The important point here is that all of the cluster nodes need
exactly the same Oracle installations, and all of the file systems used
by the highly available database instance need to be under RHC control.
The resources, shown as circles in
Figure 1
, must be started in "bottom up" order. Shared file systems must be
mounted, and software and data files made available before the Oracle
database can come up. The network interface must be configured and the
IP set before a listener can be started and be able to bind to that IP.
The line from the listener to the Oracle database instance is dotted
because there is no physical dependency between the two. In other
words, the listener can be started before the database is up, but there
is a logical connection, because the listener cannot service any
incoming connections before the database is fully up.
Behaviors of several components of an Oracle service group
(the components managed by RHC HA suite are shown in gray) are handled
by Cluster Suite directly, but the behavior of others, such as an
Oracle database and listener, are left to be implemented by systems
administrators.
The Oracle database configuration described in the Red Hat's
Cluster Manual is too simplistic and does not meet availability
requirements of many organizations. The goal is to improve the
flexibility of Oracle service and to implement a more robust and
reliable failover behavior for the Oracle service group.
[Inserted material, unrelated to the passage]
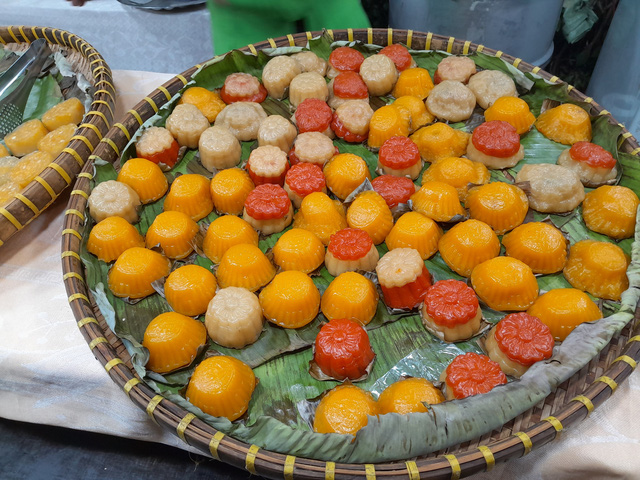 Tìm về nét quê qua lễ hội ẩm thực tại Thảo Cầm Viên Sài Gòn- Ảnh 1.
RHC provides methods to control file systems, service IP, and
several applications -- but Oracle database is not one of the
applications that RHC supports directly. For additional applications,
RHC provides a generic "script" type resource, and RHC calls these
resources with "start", "stop", or "status" arguments. In case of
Oracle database, the "start" method should start the database, "stop"
should bring the database down, and "status" should return the status
of the database.
RHC engine only evaluates return values from the scripts to
determine success/failure of the operations -- with 0 indicating
success, and 1 failure. For example, when RHC engine starts the
database, it evaluates the return value from the script; if it receives
a return value of 0, it considers the resource to be up and starts
probing it by calling the same script with "status" argument. But, if
it receives 1 from "start" method, it determines that RHC cannot start
the resource (and, consequently, the resource group on a given cluster
node) and attempts to start it on one of the other cluster nodes.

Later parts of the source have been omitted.